The PAX6, located on the short arm of chromosome 11 (11p13), belongs to a family of genes that play a critical role in the formation of tissues and organs during embryonic development. Family members of PAX genes are also important to maintain the normal function of certain cells after birth. To perform these functions, the PAX genes encode proteins transcription factors. During embryonic development, it is believed that the protein PAX6 activates genes involved in the formation of the central nervous system and pancreas. Furthermore, it is believed that the protein PAX6 controls many aspects of eye development before birth. After birth, probably Pax6 protein regulates the expression of several genes in many structures of the eye.

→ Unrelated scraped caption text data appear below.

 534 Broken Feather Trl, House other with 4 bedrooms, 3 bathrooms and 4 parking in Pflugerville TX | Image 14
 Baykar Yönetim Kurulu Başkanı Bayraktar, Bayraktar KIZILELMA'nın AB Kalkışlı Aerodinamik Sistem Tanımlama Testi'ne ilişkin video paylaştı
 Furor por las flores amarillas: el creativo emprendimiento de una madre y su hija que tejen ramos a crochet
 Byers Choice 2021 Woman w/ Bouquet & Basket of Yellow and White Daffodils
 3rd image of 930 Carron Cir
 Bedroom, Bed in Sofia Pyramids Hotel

The WT1 gene, located on the short arm of chromosome 11 (11p13), encoding a protein necessary for the development of kidney and gonads. Within these tissues, the WT1 protein plays a role in cell growth, cell differentiation and apoptosis. To perform these functions, the WT1 protein regulates the activity of other genes by binding to specific regions of DNA. Based on this action, the WT1 protein is called a transcription factor.

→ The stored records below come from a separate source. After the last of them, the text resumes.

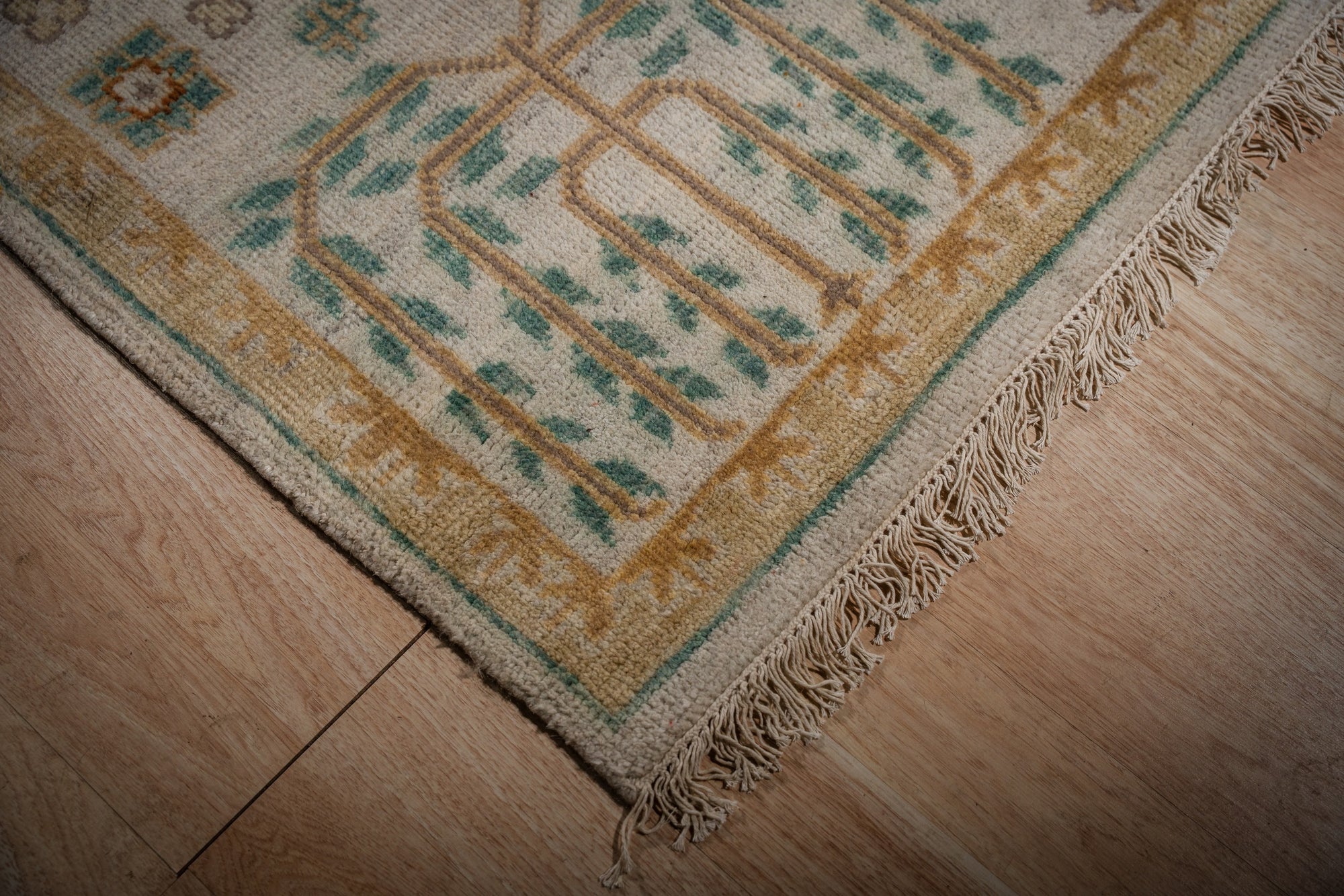 Ivory Oushak rug corner and border detail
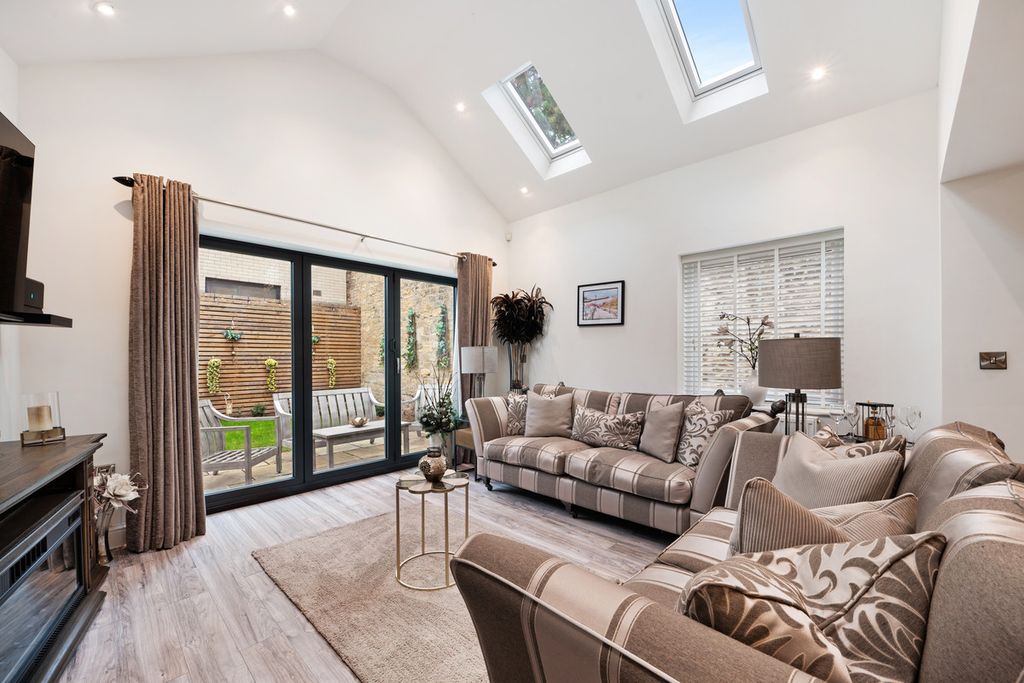 Property photo 3 of 20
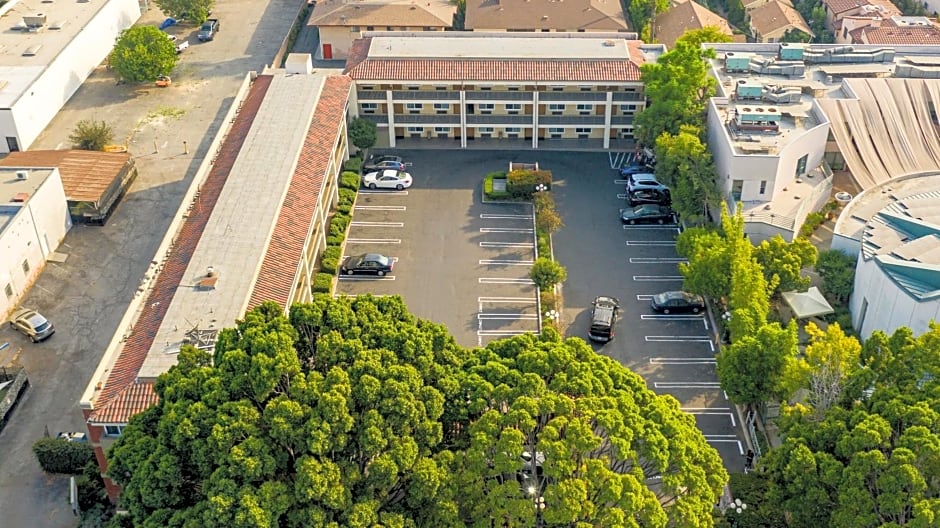 Hyland Inn near Pasadena Civic Center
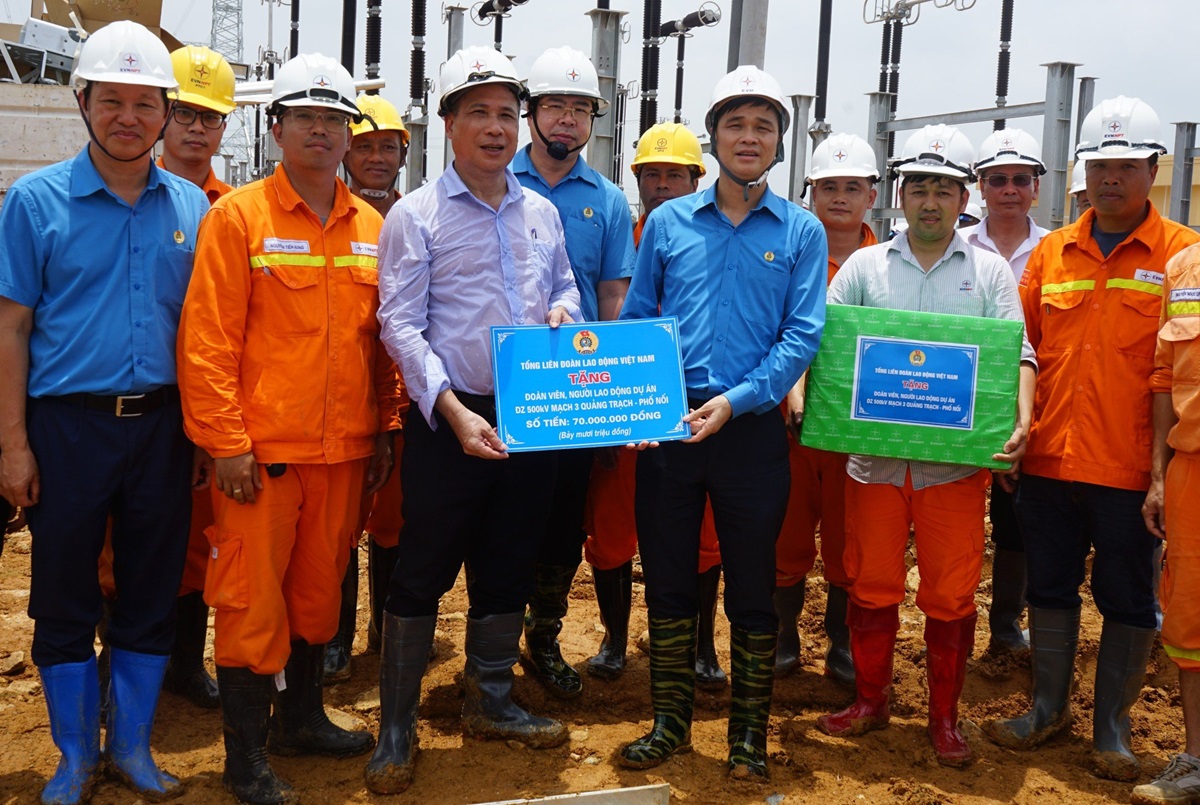L&atilde;nh đạo Tổng LĐLĐ Việt Nam thăm hỏi c&ocirc;ng nh&acirc;n tr&ecirc;n c&ocirc;ng trường Đường d&acirc;y 500 kV- Ảnh 4.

In people with WAGRO syndrome, deletion of chromosome 11 it includes an additional gene, BDNF, located on the short arm of chromosome 11 (11p13). This gene encodes a protein found in the brain and spinal cord called brain-derived neurotrophic factor. This protein promotes neuronal survival to play a role in growth, differentiation and maintenance of these cells. In the brain, BDNF protein is active at the synapse, where communication cell to cell occurs. BDNF protein helps regulate synaptic important for learning and memory plasticity. BDNF protein found in brain regions that control aspects such as eating, drinking, and body weight. Protein probably contributes to the management of these functions. It is likely that the loss of BDNF gene is responsible for obesity in childhood onset in people with WAGRO syndrome. People with WAGRO syndrome may be at increased risk of neurological problems such as mental retardation and autism than those with WAGR syndrome. However, it is not clear whether this increased risk is due to the loss of the BDNF gene or other nearby genes.

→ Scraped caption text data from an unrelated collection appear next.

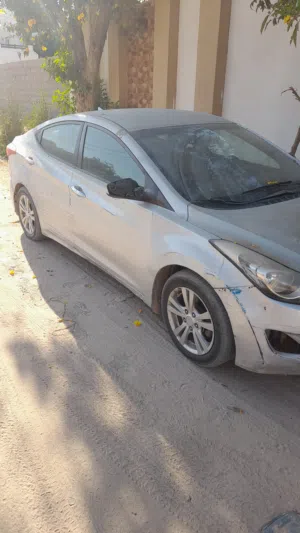 Used Hyundai Avante in Tripoli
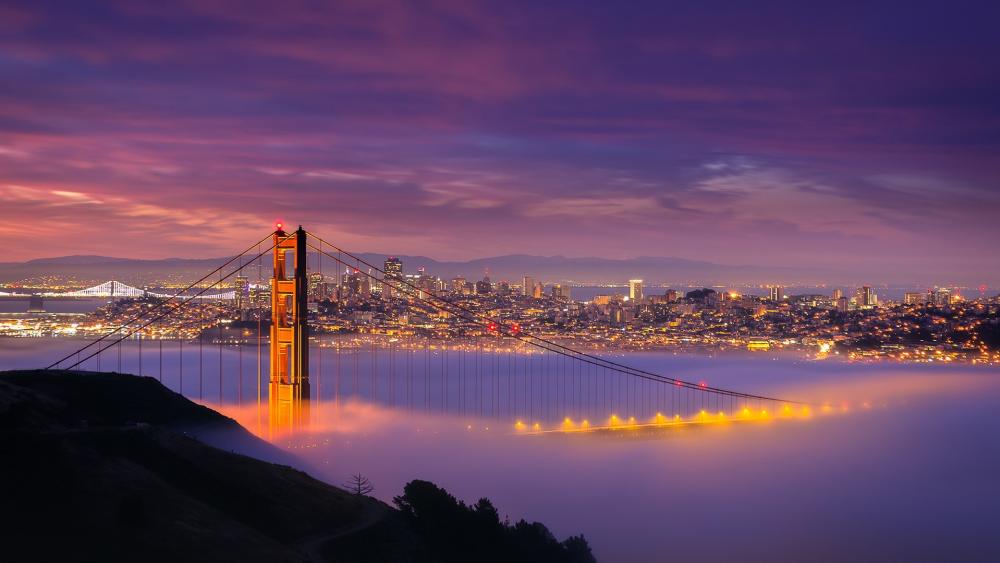Golden Gate Bridge on a misty evening wallpaper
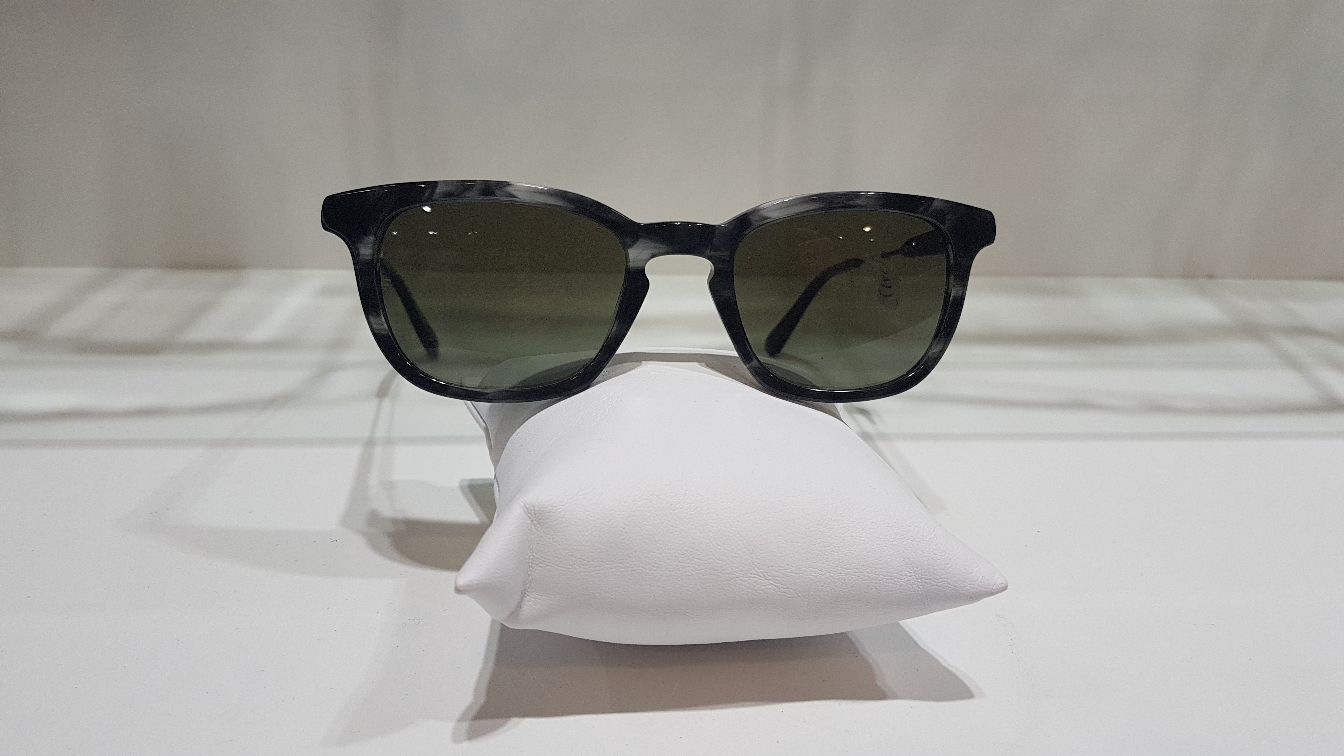 LUNETTES DE SOLEIL FACONNABLE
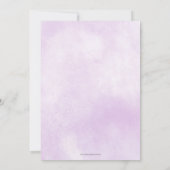 Lila florales Hochzeitskleid Brautparty Einladung (Rückseite)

Most cases of WAGR syndrome are not inherited, but are due to a chromosomal deletion occurs as a random event during the formation of reproductive cells or early embryonic development. As a result, affected individuals often have no history of the disease in his family. Some affected individuals inherit a chromosome 11 with a deletion of a parent unaffected segment. In these cases, the parent carries a balanced translocation in which no gain or no genetic material is lost. Balanced translocations usually do not cause any health problems; however, they may become unbalanced as they are transmitted to the next generation. Children who inherit an unbalanced translocation may have a chromosomal rearrangement extra or missing genetic material. Individuals with WAGR syndrome who inherit an unbalanced translocation have an absence of genetic material on the short arm of chromosome 11, so they have a higher risk of Wilms tumor, aniridia, genitourinary anomalies , and mental retardation.
Tests in IVAMI: IVAMI performed in detecting deletions in the region 11p13, responsible WAGR syndrome, by quantitative real - time PCR [Real time qPCR].
Samples recommended: EDTA blood collected for separation of blood leukocytes, or impregnated sample card with dried blood (IVAMI may mail the card to deposit the blood sample).